What's the difference with moving ALL the definitions of clock values
from the driver (such as arch/arm/mach-imx/clk-mx51-mx53.c) into the
DT and parsing it all out of the DT? Once it's registered then you
have to look it up by name, but if each DT driver node (uart@ for
example) references the clock node by phandle, it will be able to look
up that exact clock by that phandle, correct? What I'm confused about
right now is what the difference is between naming them "ipg" and
"per" vs. "donkey" and "shrek"? This is just a driver-specific naming
such that it can find these things and turn on and off the right
clocks at the right time, but it doesn't make any sense to refer to
the CCM node, then an index to a an array of names, then two more
names defining the clock definition. uart_serial cannot be used for
ANYTHING besides the uart "per" clock, so just encode this as a clock
type in the individual clock node. The clkdev subsystem can resolve
"per" to some magic value or the string in the tree...

uart_ipg_clk: clock at foo {
     clock-name = "uart";
     fsl,clock-type = "ipg";
     ...
};

uart at bar {
     clocks = <&uart_ipg_clk, &uart_per_clk>
};

I counted here and we're not "bloating" anything in terms of bytes
used to define the clocks - what we save in not doing an array lookup,
we lose in defining a node. Tthis is not going to end the world. What
you "waste" in the device tree, you get to automate in the Linux
driver anyway and remove a bunch of tables, which is what Shawn's
trying to do anyway. If the UART driver needs to do;

        sport->clk_ipg = devm_clk_get(&pdev->dev, "ipg");

Then it has all the information it needs here; one of the phandle
references points to a clock which has "ipg" as it's fsl,clock-type
property. Or something else.

It is going to be an SoC-specific binding, that's for sure, but since
there is a definition for a fixed clock, why can't there be a
definition for a gated clock (enable/disable), mux select defined as a
group and possible selections, and the right clocks being defined with
the right potential parents? The entire clock tree AND it's lookups
can be built from device tree, per documentation, per actual SoC
layout and the driver has to live with getting the information from
somewhere other than the heady mix of a table in DT, and a table in
Linux which don't necessarily depend on each other?

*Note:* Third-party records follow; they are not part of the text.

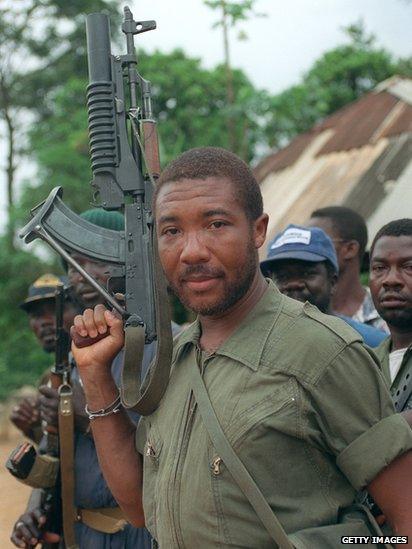 Charles Taylor holds his Soviet-made AK-47 assault rifle in Buchanan 29 May 1990 as he continues his march on the capital Monrovia to oust President Samuel Doe after a five-month-old insurgency.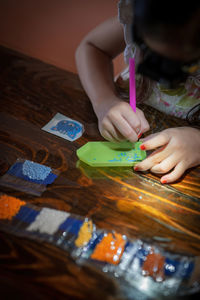 Close-up of hand painting on table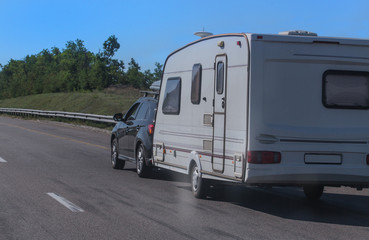 SUV with a camping trailer is moving along the road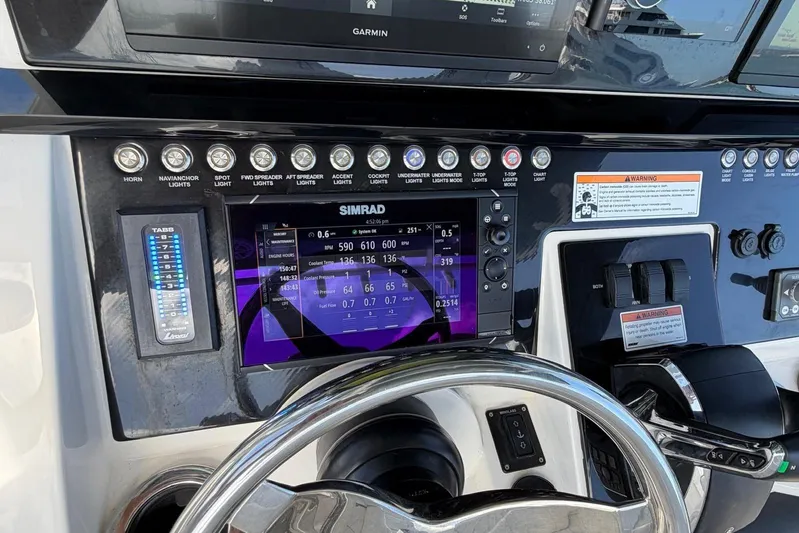  Yacht Photos Pics Control panel of 2023 Fountain 34 Center Console boat with Simrad display and steering wheel.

You only have to do these lookups once when the clock subsystem starts
on Linux, it's not like every time you want to go find a clock you
have to actually enter a firmware interface, parse the entire device
tree, come back out with a small snippet of data and then go off and
do the stuff; it's been put in a readily-accessible structure, and
gets done at device probe. Register them at boot, find them in the
clock subsystem, you're ready to go.

I would rather see every clock defined in the tree, as much "bloat" as
you would seem to think it is, it makes no sense to have a huge table
of clock definitions who's names and numbers are defined in the device
tree, yet register offsets and bit widths and values and defaults and
parents are defined in the driver itself along with lots of other
lists and tables. The table in the DT is making a huge assumption
about the subsystem needs to do the clock lookups and the way the
*Linux drivers* themself actually works; this is wrong, wrong, wrong
on so many levels.

> While generally optional, Shawn has chosen to require at least the
> output names. In the case of defining a signal clock controller node
> with lots of outputs, that is the right choice.

You only need to define the inputs and outputs you use, and in the end
I think referencing an array of strings by phandle and index into a
property contained in that handle, then looking up another string in
it's own device node to make sure which clock is which, is more
complex and takes longer than referencing a clock by phandle and
looking at two specific properties defining that clock. If we're going
this far, we should DEFINITELY be encoding the clock subsystems in the
SoC entirely in the device tree and automating clock setup. If the
common clock framework lives up to it's name, all you'd need is a
single arch/arm/mach-imx/clk.c to map the specific operation for every
i.MX SoC (i.e. bindings for i.MX) and not one for *every* i.MX SoC,
and all this data can be adequately encoded in the DT.

-- 
Matt Sealey <matt at genesi-usa.com>
Product Development Analyst, Genesi USA, Inc.